My husband and I went to the consultation together. In contrast, the surgeon was calm, spoke slowly and explained things in a way that didn’t scare me. He explained I needed to have a full laparotomy so he could obtain a good biopsy and he would also perform an exploratory. Surprisingly, he didn’t schedule my surgery until three weeks later. He assured me that a cancer diagnosis was not certain and the nodules could possibly be benign. I left the office with some hope. However, my optimism was not long lived.

I had an unusual calmness the day of surgery. I figured whatever I had I couldn’t change and I would have to deal with the outcome with the grace of God. I had surgery on a Friday and I would not know the results of the pathology until Monday.

I had researched lymphoma extensively during those long three weeks and I knew all the right questions to ask when the surgeon came in the next morning. I asked him if the lymph nodes felt “rubbery” and when he replied they did, I knew in my heart I had lymphoma. He confirmed this even though he did not have the pathology results.

On Monday, the diagnosis was confirmed – Follicular Non-Hodgkin’s Lymphoma, Grade 1. He told me I had an indolent form of lymphoma which has no cure, but the good news was that it was highly treatable. I had mixed emotions about the “good news”.

I was discharged the following day and an appointment was made to discuss the pathology with the oncologist and to be given a treatment plan. I dreaded going back to the cancer clinic.

The new oncologist at my post-op visit was very different than my first physician. When he came into the exam room, I didn’t even know who he was, for he never introduced himself. This doctor was middle age and very soft spoken. When he spoke to me, his eyes were half closed. He told me my type of lymphoma has no cure. Period. If the surgeon had not already revealed this fact to me, and I hadn’t done my own research and knew my type was highly treatable, I would have fainted on the spot. He said because the lymphoma was indolent, I could have had it for ten years. I had no symptoms known as “B” symptoms – no fatigue, no night sweats, no low grade fever, no itching, no palpable lymph nodes. So, I had cancer growing inside of me for ten years and I never even knew it!

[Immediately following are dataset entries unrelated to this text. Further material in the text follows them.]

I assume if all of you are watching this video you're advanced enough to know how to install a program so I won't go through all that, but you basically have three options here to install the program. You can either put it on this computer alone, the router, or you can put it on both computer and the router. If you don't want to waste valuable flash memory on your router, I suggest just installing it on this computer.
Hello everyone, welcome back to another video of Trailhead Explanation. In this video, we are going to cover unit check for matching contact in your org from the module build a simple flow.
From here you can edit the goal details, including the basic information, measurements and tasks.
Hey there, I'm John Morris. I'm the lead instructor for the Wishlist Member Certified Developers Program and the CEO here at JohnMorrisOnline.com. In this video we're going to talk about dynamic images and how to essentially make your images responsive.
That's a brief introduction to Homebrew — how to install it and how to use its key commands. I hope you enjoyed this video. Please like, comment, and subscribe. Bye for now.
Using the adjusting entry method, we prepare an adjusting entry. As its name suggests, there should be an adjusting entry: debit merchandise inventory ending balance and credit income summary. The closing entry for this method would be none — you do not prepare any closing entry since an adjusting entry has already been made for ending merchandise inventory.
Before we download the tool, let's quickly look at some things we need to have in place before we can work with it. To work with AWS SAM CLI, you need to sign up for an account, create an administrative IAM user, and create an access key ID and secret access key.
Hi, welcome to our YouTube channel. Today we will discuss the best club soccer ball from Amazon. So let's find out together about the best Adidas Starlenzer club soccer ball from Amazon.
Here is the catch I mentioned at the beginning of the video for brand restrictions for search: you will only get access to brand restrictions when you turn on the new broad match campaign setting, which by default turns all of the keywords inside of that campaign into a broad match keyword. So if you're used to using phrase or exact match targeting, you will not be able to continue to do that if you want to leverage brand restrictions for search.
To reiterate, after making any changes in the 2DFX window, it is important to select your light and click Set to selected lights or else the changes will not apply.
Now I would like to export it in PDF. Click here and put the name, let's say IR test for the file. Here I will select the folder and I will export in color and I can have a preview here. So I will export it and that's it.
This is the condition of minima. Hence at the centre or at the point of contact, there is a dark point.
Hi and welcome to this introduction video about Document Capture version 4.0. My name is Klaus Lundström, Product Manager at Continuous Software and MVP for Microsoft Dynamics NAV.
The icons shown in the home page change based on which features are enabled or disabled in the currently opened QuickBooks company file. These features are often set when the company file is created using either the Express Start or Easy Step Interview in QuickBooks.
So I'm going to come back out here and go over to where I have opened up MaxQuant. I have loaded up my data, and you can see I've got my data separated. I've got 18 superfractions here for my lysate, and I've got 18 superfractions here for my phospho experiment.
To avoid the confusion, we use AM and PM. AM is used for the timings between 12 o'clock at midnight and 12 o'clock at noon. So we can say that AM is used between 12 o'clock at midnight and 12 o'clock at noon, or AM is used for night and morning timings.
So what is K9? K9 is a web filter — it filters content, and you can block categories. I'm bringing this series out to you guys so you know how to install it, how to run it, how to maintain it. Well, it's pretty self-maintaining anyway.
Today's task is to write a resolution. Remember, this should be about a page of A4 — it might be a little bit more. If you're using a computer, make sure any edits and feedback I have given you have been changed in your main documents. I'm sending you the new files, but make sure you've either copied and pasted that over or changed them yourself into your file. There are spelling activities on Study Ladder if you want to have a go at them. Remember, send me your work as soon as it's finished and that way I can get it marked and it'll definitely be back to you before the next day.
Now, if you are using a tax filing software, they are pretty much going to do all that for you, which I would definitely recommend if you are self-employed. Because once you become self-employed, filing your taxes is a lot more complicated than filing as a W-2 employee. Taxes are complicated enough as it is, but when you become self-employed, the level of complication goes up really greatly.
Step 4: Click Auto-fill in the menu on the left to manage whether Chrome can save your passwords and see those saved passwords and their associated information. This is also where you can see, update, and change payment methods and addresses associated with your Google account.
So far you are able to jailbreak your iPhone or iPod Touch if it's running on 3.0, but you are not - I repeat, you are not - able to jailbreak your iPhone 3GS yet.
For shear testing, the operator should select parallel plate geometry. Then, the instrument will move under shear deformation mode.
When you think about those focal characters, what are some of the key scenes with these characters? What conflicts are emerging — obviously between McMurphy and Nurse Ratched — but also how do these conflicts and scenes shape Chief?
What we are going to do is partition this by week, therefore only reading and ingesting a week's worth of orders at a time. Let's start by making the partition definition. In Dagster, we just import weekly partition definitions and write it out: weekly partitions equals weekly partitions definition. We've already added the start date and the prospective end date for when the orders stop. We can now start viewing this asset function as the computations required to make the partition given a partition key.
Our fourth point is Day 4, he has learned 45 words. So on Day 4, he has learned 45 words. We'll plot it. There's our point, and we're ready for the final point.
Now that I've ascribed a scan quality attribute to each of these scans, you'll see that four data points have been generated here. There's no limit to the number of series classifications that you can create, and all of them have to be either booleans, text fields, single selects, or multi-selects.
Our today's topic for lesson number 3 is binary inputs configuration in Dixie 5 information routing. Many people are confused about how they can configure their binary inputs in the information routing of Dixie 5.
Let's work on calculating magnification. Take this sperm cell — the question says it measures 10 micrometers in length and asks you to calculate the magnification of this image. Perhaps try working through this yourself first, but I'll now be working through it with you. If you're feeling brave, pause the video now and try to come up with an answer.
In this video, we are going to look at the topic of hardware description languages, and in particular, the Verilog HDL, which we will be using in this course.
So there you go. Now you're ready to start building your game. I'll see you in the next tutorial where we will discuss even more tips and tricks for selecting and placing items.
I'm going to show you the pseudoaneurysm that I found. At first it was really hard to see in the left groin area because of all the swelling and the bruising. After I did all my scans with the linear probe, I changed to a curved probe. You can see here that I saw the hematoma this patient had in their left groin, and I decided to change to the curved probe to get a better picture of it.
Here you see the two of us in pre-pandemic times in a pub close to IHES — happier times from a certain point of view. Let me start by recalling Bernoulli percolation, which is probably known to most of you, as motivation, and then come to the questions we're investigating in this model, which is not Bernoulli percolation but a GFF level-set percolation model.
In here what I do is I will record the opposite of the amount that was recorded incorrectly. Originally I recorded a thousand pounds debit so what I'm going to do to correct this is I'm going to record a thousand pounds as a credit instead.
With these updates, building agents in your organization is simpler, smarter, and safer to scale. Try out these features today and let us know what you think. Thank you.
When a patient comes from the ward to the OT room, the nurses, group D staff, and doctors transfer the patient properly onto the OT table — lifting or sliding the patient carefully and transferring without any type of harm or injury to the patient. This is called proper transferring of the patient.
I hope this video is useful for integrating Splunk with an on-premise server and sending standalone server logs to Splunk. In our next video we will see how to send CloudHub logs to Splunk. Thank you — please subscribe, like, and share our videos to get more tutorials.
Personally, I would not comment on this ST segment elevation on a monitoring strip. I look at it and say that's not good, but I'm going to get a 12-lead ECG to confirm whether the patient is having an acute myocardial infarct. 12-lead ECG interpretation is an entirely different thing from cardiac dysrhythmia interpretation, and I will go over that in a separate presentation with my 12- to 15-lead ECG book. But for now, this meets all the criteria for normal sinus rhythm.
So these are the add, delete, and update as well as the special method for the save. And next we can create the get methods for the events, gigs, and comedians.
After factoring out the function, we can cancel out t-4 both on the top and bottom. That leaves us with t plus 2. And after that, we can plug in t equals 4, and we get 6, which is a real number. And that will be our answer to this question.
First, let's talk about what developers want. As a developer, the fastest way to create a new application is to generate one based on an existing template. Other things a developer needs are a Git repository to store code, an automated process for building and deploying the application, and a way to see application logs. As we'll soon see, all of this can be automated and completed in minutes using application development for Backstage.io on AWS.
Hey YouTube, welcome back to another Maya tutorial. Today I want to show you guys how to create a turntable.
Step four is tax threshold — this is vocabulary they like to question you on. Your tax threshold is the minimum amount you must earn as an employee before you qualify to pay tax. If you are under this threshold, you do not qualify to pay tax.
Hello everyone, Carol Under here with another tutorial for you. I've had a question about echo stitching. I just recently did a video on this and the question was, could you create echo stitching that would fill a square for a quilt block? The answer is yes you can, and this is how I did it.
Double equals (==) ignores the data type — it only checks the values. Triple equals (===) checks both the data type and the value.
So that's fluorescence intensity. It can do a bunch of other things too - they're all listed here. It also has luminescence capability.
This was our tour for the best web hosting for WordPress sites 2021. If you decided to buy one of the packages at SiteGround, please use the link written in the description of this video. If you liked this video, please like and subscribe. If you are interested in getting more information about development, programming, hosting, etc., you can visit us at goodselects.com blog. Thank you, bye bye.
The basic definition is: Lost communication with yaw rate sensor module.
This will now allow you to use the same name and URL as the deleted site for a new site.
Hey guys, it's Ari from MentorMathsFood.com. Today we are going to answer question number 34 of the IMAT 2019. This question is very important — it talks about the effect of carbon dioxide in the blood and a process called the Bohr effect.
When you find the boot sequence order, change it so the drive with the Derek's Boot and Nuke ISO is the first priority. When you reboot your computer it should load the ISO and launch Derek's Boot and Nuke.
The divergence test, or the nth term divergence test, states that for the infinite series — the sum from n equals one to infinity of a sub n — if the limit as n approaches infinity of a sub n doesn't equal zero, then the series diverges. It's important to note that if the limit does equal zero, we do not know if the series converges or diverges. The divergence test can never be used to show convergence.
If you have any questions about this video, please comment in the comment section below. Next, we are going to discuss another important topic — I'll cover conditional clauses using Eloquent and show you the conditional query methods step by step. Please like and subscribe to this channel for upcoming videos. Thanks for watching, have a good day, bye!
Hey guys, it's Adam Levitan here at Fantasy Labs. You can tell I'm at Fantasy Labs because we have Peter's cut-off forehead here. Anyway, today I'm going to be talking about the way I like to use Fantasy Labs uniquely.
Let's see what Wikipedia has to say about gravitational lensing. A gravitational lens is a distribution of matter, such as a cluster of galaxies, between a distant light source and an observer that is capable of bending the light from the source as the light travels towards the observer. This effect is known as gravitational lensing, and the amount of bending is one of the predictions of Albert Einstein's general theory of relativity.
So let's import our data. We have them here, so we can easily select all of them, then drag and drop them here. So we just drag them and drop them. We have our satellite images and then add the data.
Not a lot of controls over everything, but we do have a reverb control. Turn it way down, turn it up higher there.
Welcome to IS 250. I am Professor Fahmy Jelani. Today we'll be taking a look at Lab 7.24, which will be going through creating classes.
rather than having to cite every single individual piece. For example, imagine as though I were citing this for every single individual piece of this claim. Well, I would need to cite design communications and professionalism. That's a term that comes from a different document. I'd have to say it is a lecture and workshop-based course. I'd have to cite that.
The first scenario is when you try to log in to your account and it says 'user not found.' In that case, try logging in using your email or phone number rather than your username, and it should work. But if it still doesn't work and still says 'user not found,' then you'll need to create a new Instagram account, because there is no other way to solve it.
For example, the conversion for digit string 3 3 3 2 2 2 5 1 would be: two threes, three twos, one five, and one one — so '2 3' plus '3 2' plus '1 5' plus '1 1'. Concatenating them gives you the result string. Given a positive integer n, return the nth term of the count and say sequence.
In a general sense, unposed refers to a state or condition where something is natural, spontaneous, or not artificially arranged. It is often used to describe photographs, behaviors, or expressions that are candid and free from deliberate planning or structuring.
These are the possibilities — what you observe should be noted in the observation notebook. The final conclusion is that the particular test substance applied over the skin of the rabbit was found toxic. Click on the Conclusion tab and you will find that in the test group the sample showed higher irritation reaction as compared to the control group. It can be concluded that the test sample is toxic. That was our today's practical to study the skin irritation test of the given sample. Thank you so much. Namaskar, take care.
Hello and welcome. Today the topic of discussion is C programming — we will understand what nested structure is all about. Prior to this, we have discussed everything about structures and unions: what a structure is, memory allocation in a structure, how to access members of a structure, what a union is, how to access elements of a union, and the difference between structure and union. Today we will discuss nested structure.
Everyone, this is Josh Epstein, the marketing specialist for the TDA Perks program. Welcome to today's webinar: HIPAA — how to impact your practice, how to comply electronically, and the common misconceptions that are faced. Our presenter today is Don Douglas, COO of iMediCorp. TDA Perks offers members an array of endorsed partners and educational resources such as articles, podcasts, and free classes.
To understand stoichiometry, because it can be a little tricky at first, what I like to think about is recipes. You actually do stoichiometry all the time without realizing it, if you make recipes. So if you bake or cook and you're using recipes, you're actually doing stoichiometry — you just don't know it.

The doctor explained my treatment plan. I would be having eight weekly infusions of a monoclonal antibody, Rituximab. This is a targeted therapy that attacks B cells. It actually finds and destroys the cells where the cancer starts. After the first round of treatment, I would then have four weekly infusions every six months for maintenance for two years. A good thing about this treatment was that I would not lose my hair. That was a huge concern for me!

I began treatment the following week at the hospital, for I had to wear a heart monitor due to the afib. My friends joined me during the infusions to help the time pass quickly. After my eighth and last infusion, my friends wanted to go out and celebrate, but I said not until my PET scan confirmed that I was indeed in remission. I did not want to celebrate the unknown.

I dreaded the next PET scan and went through much “scanxiety” as I awaited the results. The news came at last: “Complete remission!” Let the celebration begin!

I know my remission will not last forever, as the good doctor had told me. However, at a later office visit, I finally pulled information from this man of few words – “Follicular NHL is not curable, but upon relapse, it can be treated for many years as in the case of diabetes or heart disease.” He went on to say that most people die from something other than lymphoma. This was music to my ears.

After much introspection, I have written my story to give hope to newly diagnosed patients of indolent lymphomas. There are many cutting edge treatments on the horizon and I feel that one day there will be a cure for most types of lymphomas.

Until then, I know that God has a plan for my life and He will walk along side of me throughout this disease.

I never did find out the name of the female ER physician who ordered the CT scan of my chest. She, as well as the afib rearing its head that Saturday morning, saved my life.